Brief – Beginning with the first entry, print all the records exactly.

Source data –
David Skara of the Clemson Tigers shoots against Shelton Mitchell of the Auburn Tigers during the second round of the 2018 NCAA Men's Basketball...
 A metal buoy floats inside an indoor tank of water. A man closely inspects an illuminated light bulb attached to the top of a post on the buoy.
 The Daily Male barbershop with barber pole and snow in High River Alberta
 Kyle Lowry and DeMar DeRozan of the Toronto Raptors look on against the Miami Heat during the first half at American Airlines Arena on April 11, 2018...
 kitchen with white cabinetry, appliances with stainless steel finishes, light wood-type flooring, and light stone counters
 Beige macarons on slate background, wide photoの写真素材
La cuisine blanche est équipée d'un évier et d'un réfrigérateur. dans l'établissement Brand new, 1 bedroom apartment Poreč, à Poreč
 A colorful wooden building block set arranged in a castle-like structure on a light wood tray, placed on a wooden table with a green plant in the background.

Response to this exercise –
David Skara of the Clemson Tigers shoots against Shelton Mitchell of the Auburn Tigers during the second round of the 2018 NCAA Men's Basketball...
 A metal buoy floats inside an indoor tank of water. A man closely inspects an illuminated light bulb attached to the top of a post on the buoy.
 The Daily Male barbershop with barber pole and snow in High River Alberta
 Kyle Lowry and DeMar DeRozan of the Toronto Raptors look on against the Miami Heat during the first half at American Airlines Arena on April 11, 2018...
 kitchen with white cabinetry, appliances with stainless steel finishes, light wood-type flooring, and light stone counters
 Beige macarons on slate background, wide photoの写真素材
La cuisine blanche est équipée d'un évier et d'un réfrigérateur. dans l'établissement Brand new, 1 bedroom apartment Poreč, à Poreč
 A colorful wooden building block set arranged in a castle-like structure on a light wood tray, placed on a wooden table with a green plant in the background.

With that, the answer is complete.